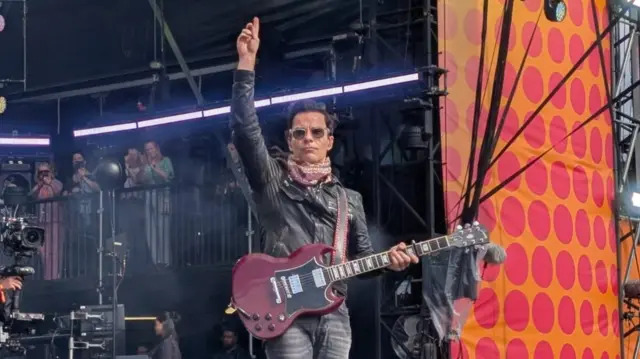 The Stereophonics frontman stands on stage with one hand raised in the area and the other holding his guitar. He wears glasses, jeans and a leather jacket. He has short dark hair.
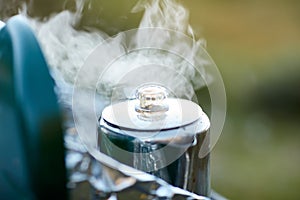 Steaming stainless steal coffee pot on a burner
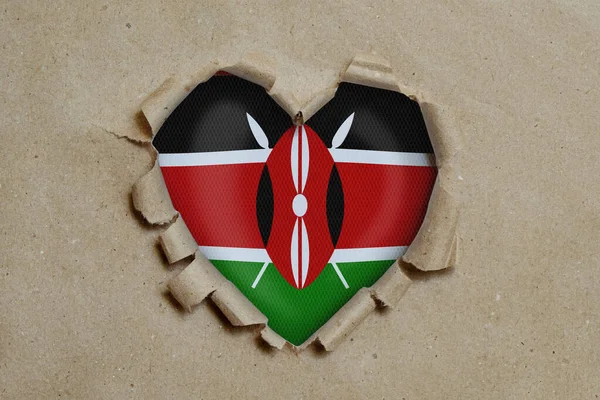 Foro Forma Cuore Strappato Attraverso Carta Mostrando Bandiera Del Kenya — Foto Stock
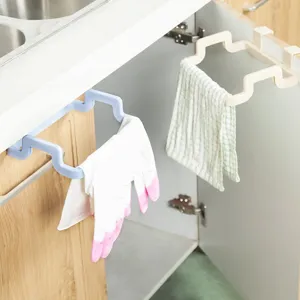 Kitchen cabinet door hanging rack for trash bags and towels, convenient plastic holder.
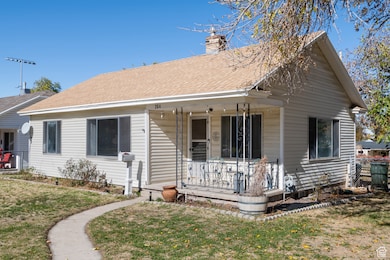 Bungalow featuring covered porch, a chimney, and roof with shingles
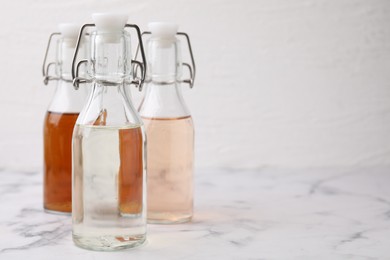 Photo of Different types of vinegar in bottles on light marble table, closeup. Space for text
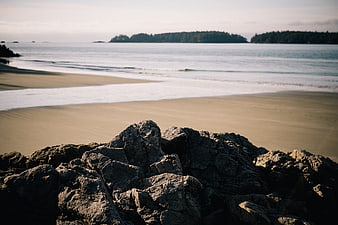 Serene Beach Landscape with Foreground Rocks and Distant Islands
****************************************
### Task objective
Starting at the line that contains "Steaming stainless steal", reproduce exactly and only the lines through the end of the entries above, with the pictures excluded.

### Output of the exercise
 Steaming stainless steal coffee pot on a burner
 Foro Forma Cuore Strappato Attraverso Carta Mostrando Bandiera Del Kenya — Foto Stock
 Kitchen cabinet door hanging rack for trash bags and towels, convenient plastic holder.
 Bungalow featuring covered porch, a chimney, and roof with shingles
 Photo of Different types of vinegar in bottles on light marble table, closeup. Space for text
 Serene Beach Landscape with Foreground Rocks and Distant Islands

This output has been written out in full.